> _Brief_
Given these entries, repeat exactly the lines starting with the one that has "Then we have" and going on through the one that has "A specular map", both included, but none of the pictures.

> _Provided information_
──────
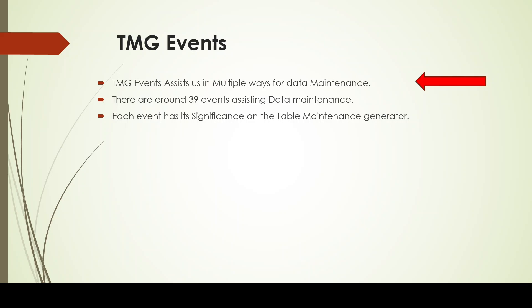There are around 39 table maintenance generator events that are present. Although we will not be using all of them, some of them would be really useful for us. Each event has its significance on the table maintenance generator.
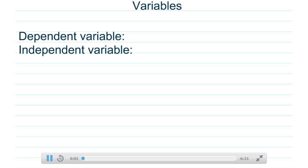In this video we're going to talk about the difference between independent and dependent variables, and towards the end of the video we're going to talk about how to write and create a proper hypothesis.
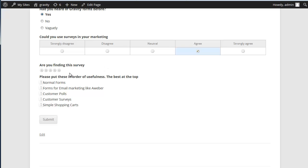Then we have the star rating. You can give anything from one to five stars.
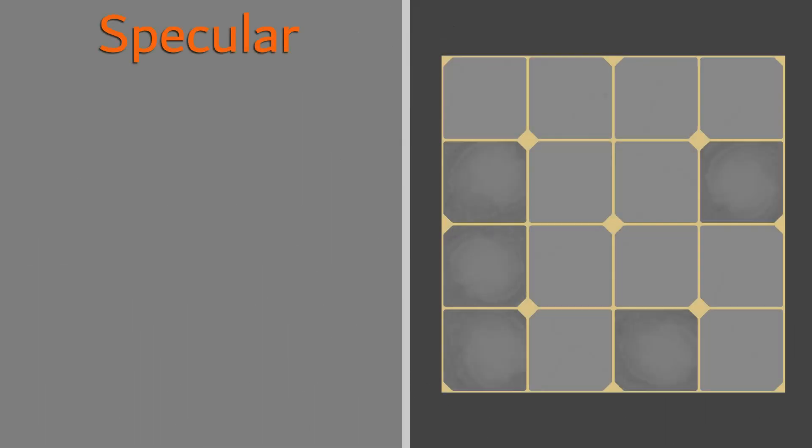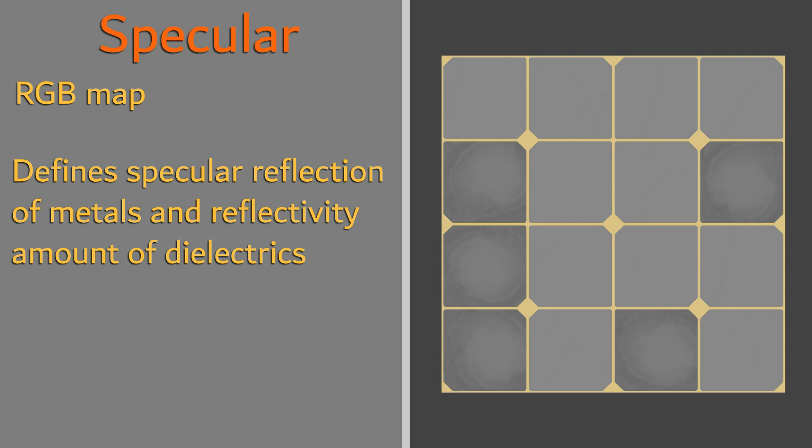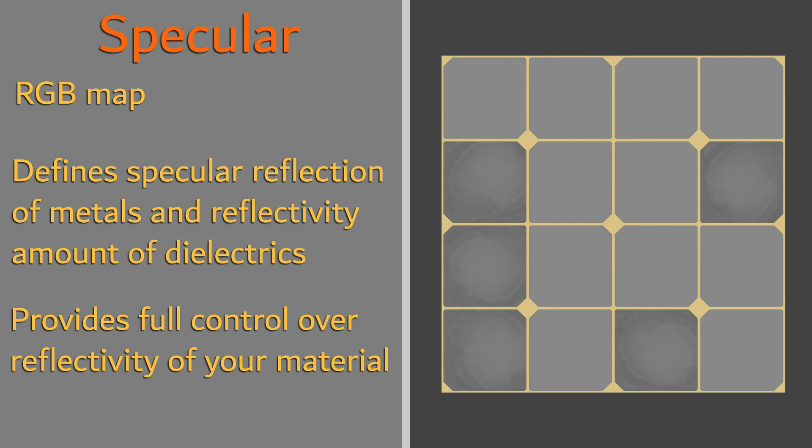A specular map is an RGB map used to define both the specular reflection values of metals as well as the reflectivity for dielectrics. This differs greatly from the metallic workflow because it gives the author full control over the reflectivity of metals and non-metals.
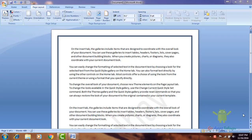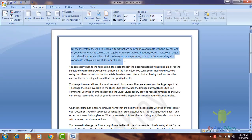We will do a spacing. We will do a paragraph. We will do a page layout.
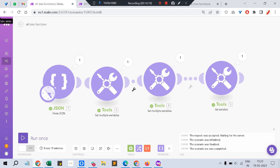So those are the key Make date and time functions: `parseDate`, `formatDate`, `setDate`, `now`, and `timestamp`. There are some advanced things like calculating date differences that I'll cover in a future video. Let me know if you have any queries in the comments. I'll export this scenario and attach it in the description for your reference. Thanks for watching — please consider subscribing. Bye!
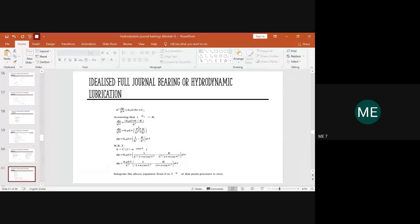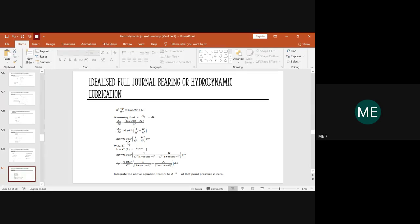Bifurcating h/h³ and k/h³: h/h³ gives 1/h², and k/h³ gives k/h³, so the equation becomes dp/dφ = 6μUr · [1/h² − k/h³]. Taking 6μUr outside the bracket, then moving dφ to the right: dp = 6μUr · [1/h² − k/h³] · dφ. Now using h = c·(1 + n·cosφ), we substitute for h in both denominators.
──────
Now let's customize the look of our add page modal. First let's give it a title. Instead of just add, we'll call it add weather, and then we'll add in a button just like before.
──────
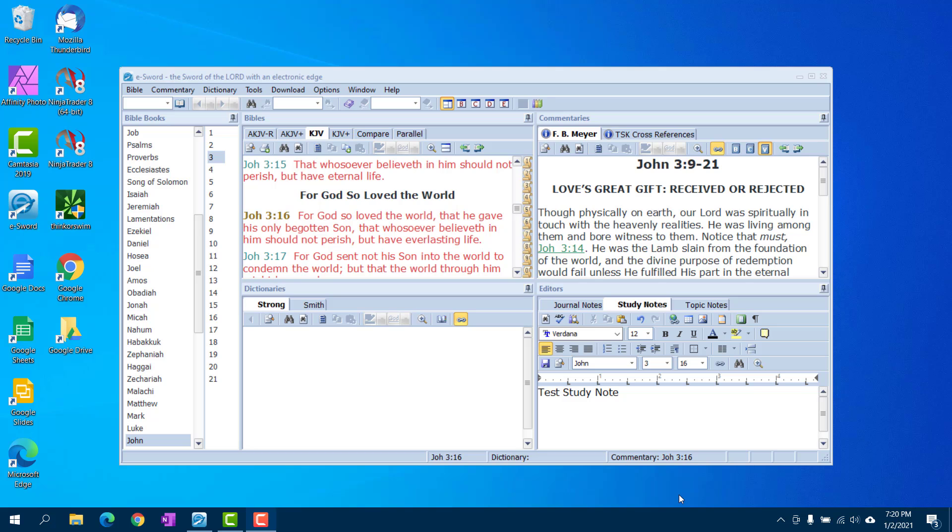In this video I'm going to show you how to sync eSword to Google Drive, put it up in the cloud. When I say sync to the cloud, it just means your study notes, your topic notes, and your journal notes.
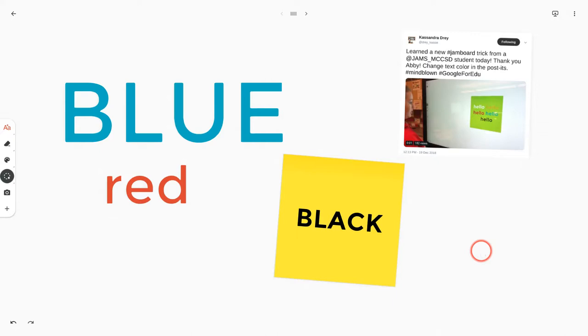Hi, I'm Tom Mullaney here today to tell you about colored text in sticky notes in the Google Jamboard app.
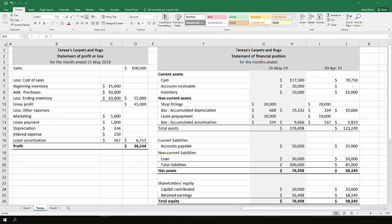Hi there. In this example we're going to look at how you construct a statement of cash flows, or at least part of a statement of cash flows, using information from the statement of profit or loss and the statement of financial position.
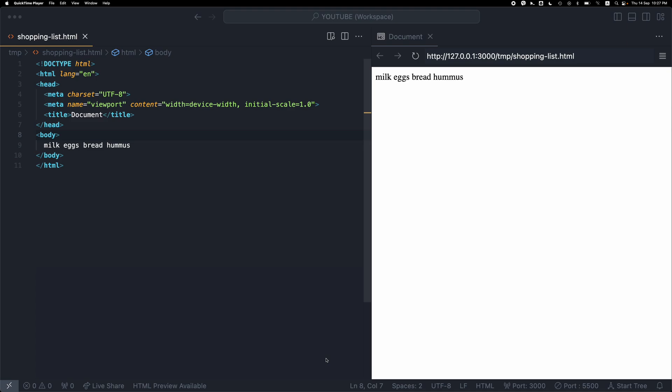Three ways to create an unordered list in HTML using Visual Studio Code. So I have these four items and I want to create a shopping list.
──────
> _Reply to the task_
Then we have the star rating. You can give anything from one to five stars.
A specular map is an RGB map used to define both the specular reflection values of metals as well as the reflectivity for dielectrics. This differs greatly from the metallic workflow because it gives the author full control over the reflectivity of metals and non-metals.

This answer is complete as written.